5. In fact, Anomaly makes clear what troubles him when he remarks that pronatalist policies put in place by the Swedish state have resulted in higher births among those of Somali origin rather than ‘native-born Swedes.’ He also makes reference to ‘impulse control’ as hereditary, an argument also made by the conservative US publication, The National Review, which argued that Black children had less impulse control than white children, thus justifying their exclusion from school (https://www.nationalreview.com/…/more-distortion-ed-depart…/). Therefore he cannot claim that racism does not motivate his argument.
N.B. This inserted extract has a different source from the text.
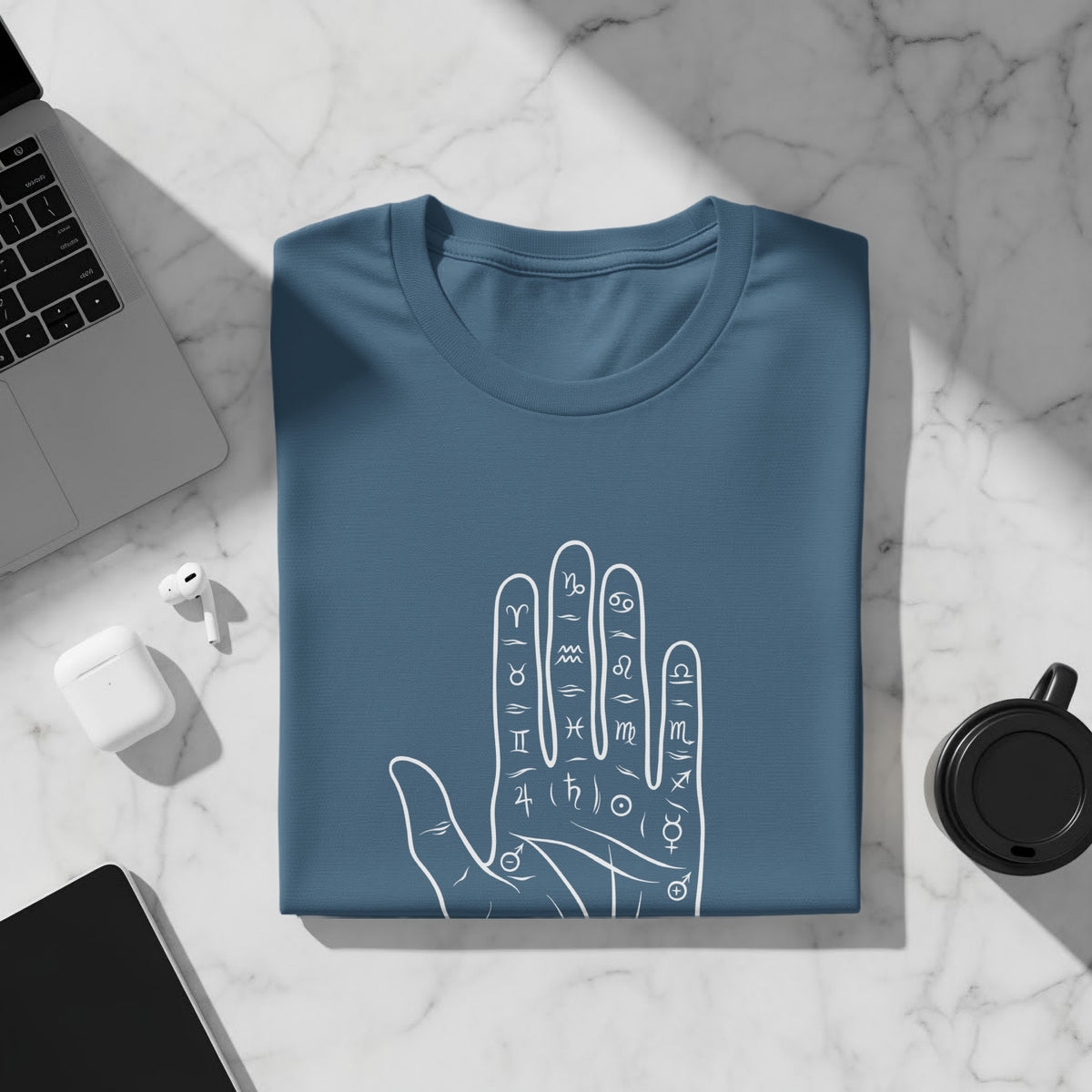 Blue t-shirt with a white line drawing of a palm with astrological symbols.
At a time when so-called ‘race realism’ is booming, despite being thoroughly debunked by the great majority of scientists (https://www.theguardian.com/…/the-unwelcome-revival-of-race…), the scholarly community must take responsibility for the ideas it endorses. There are serious questions to be answered about how an article that proposes that ‘future people would be better off if people with heritable traits that we value had a greater proportion of children’ passed peer review. It is our view that there is absolutely no way of separating the notion of there being ‘more valuable heritable traits’ from the fact that modern western societies have associated value with whiteness, abled-bodiedness and prosperity to the detriment of racialised people, the disabled and the poor.
We seem to have entered a phase in academia and public life where debate for its own sake has trumped any commitment to the principle of protecting those most vulnerable and creating the conditions for a more just society for all. As critical race scholars who are only too painfully aware of the practices to which ideas of race have been put, we suggest that it is never the time for an article that defends eugenics to be published in a reputable international scientific journal.
We hope that you will consider this letter and take the necessary steps to address the processes of peer review that led to this misguided decision.
Yours sincerely on behalf of the Australian Critical Race and Whiteness Studies Association
Alana Lentin
Associate Professor, Western Sydney University and ACRAWSA President (2017-19).